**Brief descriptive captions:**
%%
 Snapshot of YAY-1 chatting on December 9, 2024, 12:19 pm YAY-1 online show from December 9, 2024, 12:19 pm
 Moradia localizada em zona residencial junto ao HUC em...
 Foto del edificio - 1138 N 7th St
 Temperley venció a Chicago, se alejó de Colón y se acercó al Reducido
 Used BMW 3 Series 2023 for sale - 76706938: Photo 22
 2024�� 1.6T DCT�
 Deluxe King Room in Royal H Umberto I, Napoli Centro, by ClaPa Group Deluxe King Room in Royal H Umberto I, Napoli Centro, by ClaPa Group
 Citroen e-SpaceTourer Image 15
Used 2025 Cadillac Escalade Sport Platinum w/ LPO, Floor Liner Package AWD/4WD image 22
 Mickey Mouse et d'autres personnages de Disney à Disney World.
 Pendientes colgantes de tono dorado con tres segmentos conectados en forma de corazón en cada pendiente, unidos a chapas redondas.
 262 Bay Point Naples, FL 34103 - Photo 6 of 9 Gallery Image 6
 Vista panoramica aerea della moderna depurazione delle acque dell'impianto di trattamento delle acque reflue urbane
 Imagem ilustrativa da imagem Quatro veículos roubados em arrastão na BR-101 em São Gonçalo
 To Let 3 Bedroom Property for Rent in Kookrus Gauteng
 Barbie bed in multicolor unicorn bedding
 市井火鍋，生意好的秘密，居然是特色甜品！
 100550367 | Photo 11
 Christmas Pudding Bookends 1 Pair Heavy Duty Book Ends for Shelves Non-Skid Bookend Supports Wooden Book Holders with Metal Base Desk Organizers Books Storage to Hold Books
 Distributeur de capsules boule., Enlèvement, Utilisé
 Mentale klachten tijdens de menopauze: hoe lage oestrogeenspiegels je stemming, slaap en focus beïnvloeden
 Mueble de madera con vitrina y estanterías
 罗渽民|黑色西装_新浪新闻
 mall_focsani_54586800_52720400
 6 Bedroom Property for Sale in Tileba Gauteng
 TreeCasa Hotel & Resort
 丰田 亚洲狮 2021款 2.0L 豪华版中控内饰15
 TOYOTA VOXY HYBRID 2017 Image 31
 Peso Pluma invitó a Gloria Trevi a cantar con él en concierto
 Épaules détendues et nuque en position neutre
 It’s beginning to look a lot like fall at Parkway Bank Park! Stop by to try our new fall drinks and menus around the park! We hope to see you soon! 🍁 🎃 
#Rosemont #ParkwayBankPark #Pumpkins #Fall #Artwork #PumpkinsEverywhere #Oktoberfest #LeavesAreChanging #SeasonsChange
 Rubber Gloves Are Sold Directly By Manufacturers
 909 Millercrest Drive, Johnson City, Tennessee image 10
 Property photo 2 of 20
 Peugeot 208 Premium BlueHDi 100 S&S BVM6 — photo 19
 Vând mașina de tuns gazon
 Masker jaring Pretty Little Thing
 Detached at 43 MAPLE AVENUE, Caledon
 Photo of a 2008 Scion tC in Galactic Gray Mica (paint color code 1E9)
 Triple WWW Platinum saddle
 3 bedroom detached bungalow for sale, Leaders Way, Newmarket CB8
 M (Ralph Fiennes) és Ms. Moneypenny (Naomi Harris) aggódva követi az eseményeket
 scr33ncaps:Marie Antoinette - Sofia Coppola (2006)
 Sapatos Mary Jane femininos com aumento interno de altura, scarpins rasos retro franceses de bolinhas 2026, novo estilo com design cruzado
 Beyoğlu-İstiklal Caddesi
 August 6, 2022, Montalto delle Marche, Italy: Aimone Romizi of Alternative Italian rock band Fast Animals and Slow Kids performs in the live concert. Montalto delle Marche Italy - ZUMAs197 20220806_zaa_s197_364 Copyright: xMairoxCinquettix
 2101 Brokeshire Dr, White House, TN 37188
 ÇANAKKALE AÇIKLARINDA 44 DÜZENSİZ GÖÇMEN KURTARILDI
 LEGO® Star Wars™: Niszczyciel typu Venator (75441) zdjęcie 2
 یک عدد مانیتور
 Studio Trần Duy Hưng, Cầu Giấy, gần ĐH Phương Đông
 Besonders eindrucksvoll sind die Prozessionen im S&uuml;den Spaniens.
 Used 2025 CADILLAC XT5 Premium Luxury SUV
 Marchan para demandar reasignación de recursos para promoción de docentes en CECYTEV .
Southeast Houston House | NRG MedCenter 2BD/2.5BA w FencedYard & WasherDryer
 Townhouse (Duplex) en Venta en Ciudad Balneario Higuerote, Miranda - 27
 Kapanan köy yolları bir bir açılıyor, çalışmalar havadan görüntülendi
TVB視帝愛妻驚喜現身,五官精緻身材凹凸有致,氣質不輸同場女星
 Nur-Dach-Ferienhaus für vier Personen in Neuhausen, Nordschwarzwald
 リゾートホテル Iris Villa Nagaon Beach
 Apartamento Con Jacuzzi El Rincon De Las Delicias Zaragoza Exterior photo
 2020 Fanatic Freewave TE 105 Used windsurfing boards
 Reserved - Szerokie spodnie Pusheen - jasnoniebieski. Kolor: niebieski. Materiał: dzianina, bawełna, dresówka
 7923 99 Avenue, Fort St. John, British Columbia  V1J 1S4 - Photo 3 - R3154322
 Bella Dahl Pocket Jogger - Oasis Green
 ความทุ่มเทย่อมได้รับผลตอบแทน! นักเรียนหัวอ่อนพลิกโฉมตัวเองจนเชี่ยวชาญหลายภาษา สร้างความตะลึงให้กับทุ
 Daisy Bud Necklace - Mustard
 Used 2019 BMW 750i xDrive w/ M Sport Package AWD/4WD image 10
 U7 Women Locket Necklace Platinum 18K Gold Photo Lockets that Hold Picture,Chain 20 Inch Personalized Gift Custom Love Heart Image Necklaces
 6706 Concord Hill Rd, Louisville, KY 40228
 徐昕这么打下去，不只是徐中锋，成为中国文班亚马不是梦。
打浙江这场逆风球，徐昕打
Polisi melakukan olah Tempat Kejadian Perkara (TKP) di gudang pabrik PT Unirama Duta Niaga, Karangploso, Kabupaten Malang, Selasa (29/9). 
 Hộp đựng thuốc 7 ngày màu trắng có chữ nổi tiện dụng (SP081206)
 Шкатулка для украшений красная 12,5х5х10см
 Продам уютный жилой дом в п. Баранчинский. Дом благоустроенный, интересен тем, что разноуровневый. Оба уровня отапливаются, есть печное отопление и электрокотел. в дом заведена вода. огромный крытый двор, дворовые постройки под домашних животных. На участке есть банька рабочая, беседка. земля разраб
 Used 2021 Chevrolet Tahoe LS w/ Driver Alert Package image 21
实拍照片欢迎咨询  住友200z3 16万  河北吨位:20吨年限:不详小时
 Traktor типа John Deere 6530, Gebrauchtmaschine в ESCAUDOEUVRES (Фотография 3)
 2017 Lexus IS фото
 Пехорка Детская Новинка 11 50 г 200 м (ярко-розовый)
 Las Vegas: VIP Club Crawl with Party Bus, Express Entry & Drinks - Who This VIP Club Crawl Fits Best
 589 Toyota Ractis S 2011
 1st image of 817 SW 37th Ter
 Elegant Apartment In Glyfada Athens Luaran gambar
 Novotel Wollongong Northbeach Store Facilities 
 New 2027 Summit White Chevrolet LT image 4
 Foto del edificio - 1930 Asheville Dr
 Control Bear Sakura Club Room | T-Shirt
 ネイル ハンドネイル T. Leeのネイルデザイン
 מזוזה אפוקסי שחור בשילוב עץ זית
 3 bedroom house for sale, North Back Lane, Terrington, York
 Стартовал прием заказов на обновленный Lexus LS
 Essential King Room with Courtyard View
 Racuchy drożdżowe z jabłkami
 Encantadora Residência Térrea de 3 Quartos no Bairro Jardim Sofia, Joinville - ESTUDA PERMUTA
%%
Whenever the string "Club" shows up in a line of the records, copy that line.

**SOLUTION FOR THIS EXERCISE:**
 Las Vegas: VIP Club Crawl with Party Bus, Express Entry & Drinks - Who This VIP Club Crawl Fits Best
 Control Bear Sakura Club Room | T-Shirt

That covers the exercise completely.